• _Records to use_:
[Start of section]
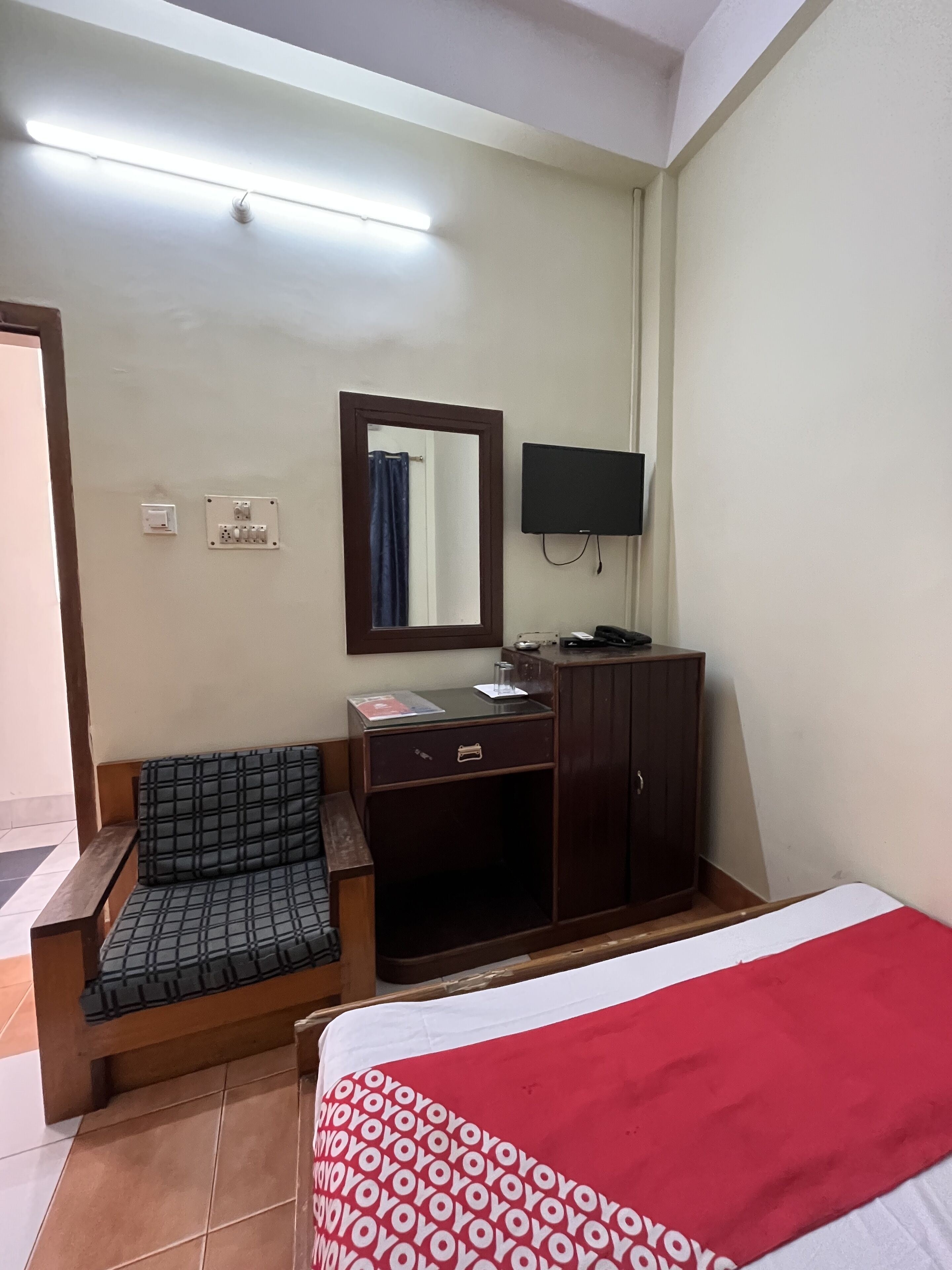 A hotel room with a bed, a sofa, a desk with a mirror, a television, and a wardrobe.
[End of section]
[Start of section]
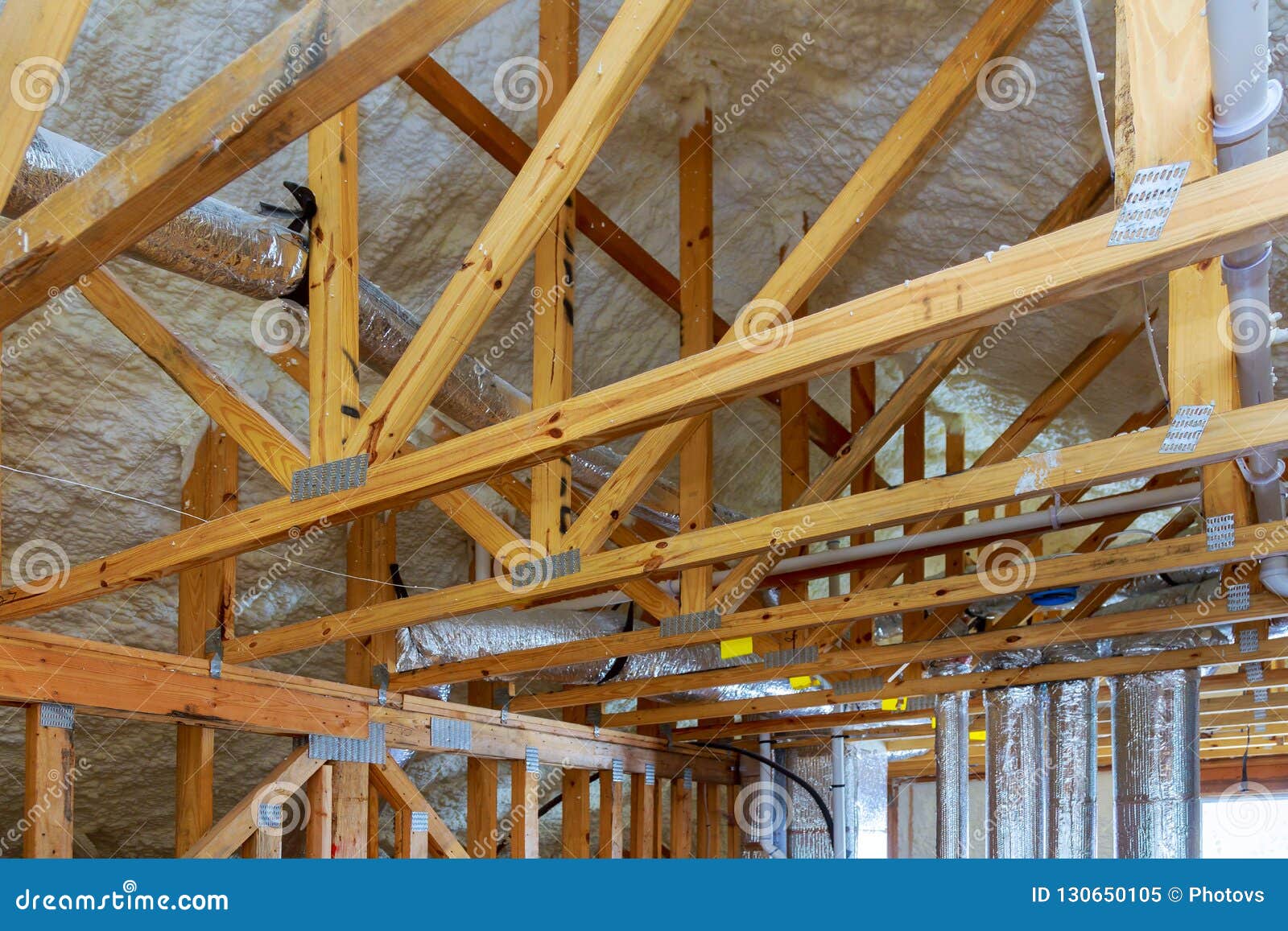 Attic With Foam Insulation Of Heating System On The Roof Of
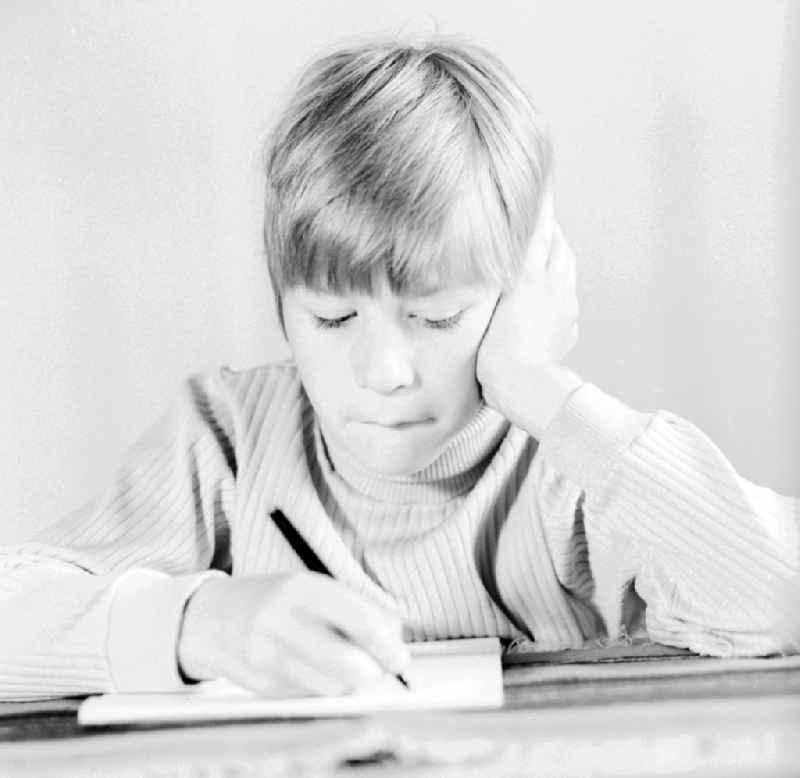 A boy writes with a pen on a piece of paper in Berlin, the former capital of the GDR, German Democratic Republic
[End of section]
For the material above, give again only the lines starting at the line that contains "Attic With Foam" and ending at the line that contains "A boy writes". Pictures do not belong in the copy.

 Attic With Foam Insulation Of Heating System On The Roof Of
 A boy writes with a pen on a piece of paper in Berlin, the former capital of the GDR, German Democratic Republic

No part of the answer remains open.